Single by Jamie Bond

from the album The Heavenly Kid (Original Motion Picture Soundtrack)
- Released: 1985
- Studio: Le Gonks West, Los Angeles
- Genre: Pop
- Length: 4:41
- Label: Elektra
- Songwriters: Roxanne Seeman, Billie Hughes
- Producer: George Duke

= Heart of Love =

"Heart of Love", also known by the title "Climbing to the Heart of Love", is a song written by Roxanne Seeman and Billie Hughes. It was recorded by Joni Paladin, under the pseudonym Jamie Bond, and produced by George Duke for the soundtrack to the film The Heavenly Kid. It appears in a montage scene with Bobby (Lewis Smith) and Emily (Jane Kaczmarek). The song was released as the first single in 1985 by Elektra Records.

While the single received airplay in 1985, six years later in 1991, as reported by Shelly Weiss in Cashbox, "Heart Of Love" MJQ Majic 102.5, Buffalo, Program Director Hank Nevins caught the movie on HBO and put the song on the air. The sensational reaction of listeners from Buffalo, Rochester, and Toronto moved "Heart Of Love" into power rotation.

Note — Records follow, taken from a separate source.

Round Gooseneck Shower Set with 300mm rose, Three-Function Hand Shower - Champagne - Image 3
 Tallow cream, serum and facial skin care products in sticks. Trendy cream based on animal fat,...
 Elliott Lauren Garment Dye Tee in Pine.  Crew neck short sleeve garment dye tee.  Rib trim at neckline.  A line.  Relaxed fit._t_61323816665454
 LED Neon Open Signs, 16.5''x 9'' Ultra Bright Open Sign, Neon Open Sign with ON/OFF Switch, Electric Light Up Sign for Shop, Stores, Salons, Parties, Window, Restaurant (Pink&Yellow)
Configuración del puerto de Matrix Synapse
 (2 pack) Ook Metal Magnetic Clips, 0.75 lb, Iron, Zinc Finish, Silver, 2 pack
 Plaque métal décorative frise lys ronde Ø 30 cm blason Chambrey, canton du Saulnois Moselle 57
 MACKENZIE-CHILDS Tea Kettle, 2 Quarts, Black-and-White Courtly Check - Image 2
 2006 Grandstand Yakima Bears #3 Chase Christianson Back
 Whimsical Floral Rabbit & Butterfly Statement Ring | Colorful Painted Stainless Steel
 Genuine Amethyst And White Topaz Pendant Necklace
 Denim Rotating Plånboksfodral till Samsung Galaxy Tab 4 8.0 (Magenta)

MJQ received overwhelming requests from record stores in Canada and the U.S. wishing to buy the disc.

== Production ==

- George Duke - Producer, Executive-Producer
- Erik Zobler - Recording Engineer
- Errol Sober - Music Supervisor

- Recording Studio – Le Gonks West
- Mixed At – Lion Share Recording Studios
- Mastered At – Bernie Grundman Mastering
- Mastered By – Brian Gardner

Pressed By – Allied Record Company

== Other versions ==
- Billie Hughes
- Melissa Manchester, If My Heart Had Wings, 1995, produced by Ron Nevison, Arif Mardin, executive producer

== Critical reception ==
Billboard gave a "Recommended Pick" which said: "Ballad from the "Heavenly Kid" soundtrack; fans of Whitney Houston should take note of a comparable talent."

William Ruhlmann, writing for AllMusic, described the songs on "If My Heart Had Wings": "Melissa Manchester's first album of new material in a decade was filled with big, dramatic ballads and widescreen production values."